Department of Computational Medicine and Bioinformatics.
Molecular and Integrative Physiology and Internal Medicine, Division of Gastroenterology, University of Michigan Medical School, Ann Arbor, Michigan 48109.
Department of Occupational Health and Safety, Mae Fah Luong University, Chiang Rai, Thailand, 57100.
Department of Nutritional Sciences, University of Michigan School of Public Health, Ann Arbor, Michigan, 48109.
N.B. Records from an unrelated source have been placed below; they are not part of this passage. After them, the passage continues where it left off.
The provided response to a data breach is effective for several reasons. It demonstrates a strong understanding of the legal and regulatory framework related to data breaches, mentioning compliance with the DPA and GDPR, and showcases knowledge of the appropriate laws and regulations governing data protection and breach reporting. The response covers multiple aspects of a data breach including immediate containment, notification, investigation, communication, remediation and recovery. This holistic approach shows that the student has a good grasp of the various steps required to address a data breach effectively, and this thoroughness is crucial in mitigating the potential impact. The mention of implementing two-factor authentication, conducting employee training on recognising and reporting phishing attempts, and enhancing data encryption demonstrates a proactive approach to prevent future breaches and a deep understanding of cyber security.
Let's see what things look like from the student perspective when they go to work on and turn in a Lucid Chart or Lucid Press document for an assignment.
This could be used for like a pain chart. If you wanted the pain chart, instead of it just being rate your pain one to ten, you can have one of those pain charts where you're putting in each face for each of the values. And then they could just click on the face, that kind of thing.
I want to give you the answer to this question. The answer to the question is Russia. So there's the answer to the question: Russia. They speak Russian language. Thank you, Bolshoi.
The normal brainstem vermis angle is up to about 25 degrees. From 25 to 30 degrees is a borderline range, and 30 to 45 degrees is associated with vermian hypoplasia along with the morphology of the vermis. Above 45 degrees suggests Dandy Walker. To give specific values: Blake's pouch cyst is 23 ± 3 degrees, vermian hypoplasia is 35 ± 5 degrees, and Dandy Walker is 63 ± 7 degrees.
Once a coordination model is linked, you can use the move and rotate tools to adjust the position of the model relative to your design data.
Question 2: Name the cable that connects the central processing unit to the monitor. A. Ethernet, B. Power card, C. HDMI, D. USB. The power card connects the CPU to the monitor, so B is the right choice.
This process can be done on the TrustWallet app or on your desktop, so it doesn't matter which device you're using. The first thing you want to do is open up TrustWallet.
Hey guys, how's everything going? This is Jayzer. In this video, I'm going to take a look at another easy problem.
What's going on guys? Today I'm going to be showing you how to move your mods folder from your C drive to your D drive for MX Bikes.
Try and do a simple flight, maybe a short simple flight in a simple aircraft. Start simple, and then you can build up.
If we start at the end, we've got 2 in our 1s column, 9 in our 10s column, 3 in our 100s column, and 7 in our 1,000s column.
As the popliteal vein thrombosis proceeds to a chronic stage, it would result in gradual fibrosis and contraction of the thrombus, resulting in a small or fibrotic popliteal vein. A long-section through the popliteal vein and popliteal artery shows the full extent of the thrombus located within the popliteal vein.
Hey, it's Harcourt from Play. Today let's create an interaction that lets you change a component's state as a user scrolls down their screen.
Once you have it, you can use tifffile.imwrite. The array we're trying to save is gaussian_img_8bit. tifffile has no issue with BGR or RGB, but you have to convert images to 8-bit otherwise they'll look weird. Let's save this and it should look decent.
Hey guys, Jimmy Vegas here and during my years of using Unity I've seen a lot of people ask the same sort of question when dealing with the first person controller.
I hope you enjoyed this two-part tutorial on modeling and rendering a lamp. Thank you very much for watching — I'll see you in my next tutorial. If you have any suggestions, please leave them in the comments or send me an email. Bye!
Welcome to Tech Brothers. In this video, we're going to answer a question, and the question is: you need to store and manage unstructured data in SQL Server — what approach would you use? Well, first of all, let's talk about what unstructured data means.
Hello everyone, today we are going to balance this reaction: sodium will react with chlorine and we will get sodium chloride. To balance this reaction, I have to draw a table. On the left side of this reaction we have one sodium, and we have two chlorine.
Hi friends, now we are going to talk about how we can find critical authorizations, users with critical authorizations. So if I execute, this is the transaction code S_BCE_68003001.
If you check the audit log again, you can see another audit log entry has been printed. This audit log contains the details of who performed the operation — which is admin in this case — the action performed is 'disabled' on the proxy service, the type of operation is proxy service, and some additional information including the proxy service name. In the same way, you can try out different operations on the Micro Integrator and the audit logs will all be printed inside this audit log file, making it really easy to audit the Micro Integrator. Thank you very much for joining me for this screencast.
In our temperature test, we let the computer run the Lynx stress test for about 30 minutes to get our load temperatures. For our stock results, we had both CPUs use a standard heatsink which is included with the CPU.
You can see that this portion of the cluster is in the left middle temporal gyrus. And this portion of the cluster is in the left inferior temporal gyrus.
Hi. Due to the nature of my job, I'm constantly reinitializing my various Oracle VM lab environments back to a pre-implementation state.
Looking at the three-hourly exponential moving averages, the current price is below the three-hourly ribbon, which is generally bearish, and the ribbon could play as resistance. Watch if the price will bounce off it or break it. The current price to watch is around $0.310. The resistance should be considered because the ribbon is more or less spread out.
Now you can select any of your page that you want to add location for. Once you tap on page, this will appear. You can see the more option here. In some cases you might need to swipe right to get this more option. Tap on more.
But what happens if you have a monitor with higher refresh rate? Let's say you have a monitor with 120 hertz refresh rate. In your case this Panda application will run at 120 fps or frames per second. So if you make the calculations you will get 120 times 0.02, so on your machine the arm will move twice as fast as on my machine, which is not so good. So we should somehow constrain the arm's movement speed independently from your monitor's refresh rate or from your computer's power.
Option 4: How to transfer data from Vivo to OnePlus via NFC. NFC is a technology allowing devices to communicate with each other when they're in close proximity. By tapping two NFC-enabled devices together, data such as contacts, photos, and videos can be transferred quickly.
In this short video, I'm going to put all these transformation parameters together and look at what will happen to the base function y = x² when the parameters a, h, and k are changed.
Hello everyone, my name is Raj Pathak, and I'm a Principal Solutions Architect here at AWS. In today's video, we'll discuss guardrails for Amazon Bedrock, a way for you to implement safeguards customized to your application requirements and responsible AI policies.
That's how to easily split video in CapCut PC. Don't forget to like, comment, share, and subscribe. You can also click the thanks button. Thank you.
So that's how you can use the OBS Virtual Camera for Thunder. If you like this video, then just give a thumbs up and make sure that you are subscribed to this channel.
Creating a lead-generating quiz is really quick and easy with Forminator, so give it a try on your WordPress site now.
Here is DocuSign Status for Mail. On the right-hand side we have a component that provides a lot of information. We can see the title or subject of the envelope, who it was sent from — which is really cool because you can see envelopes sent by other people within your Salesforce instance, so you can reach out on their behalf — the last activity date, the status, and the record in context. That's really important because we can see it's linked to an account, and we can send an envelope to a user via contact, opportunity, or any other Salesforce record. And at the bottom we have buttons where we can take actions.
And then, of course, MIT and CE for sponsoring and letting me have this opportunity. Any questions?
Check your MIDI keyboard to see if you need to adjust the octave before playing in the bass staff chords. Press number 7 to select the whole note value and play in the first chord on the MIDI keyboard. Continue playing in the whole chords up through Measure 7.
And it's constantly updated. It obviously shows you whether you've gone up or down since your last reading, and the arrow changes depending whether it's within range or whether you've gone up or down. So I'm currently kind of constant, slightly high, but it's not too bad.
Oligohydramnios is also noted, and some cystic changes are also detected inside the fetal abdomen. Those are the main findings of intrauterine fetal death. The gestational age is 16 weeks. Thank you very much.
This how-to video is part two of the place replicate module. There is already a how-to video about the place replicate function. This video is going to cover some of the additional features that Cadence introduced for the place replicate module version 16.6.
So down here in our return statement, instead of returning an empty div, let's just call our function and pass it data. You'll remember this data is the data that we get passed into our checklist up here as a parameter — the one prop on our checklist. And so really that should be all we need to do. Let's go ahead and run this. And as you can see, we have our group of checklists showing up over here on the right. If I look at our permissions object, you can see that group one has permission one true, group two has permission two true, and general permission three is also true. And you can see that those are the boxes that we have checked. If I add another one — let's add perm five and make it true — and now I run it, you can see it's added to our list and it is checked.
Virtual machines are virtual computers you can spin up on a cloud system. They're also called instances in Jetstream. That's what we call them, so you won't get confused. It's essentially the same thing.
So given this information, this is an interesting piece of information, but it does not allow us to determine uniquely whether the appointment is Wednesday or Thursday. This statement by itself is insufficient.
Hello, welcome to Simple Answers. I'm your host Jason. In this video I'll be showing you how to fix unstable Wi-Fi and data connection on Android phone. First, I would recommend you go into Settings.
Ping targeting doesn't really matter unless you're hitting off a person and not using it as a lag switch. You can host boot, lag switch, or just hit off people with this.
Developmental cadmium exposure in vivo disrupts mammary gland differentiation, while exposure of breast cell lines to cadmium causes invasion consistent with the epithelial-mesenchymal transition (EMT). The effects of cadmium on normal human breast stem cells have not been measured. Here, we quantified the effects of cadmium exposure on reduction mammoplasty patient-derived breast stem cell proliferation and differentiation. Using the mammosphere assay and organoid formation in 3D hydrogels, we tested 2 physiologically relevant doses of cadmium, 0.25 and 2.5 µM, and tested for molecular alterations using RNA-seq. We functionally validated our RNA-seq findings with a hypoxia-inducible factor (HIF)-1α activity reporter line and pharmaceutical inhibition of HIF-1α in organoid formation assays. 2.5 µM cadmium reduced primary mammosphere formation and branching structure organoid formation rates by 33% and 87%, respectively. Despite no changes in mammosphere formation, 0.25 µM cadmium inhibited branching organoid formation in hydrogels by 73%. RNA-seq revealed cadmium downregulated genes associated with extracellular matrix formation and EMT, while upregulating genes associated with metal response including metallothioneins and zinc transporters. In the RNA-seq data, cadmium downregulated HIF-1α target genes including LOXL2, ZEB1, and VIM. Cadmium significantly inhibited HIF-1α activity in a luciferase assay, and the HIF-1α inhibitor acriflavine ablated mammosphere and organoid formation. These findings show that cadmium, at doses relevant to human exposure, inhibited human mammary stem cell proliferation and differentiation, potentially through disruption of HIF-1α activity.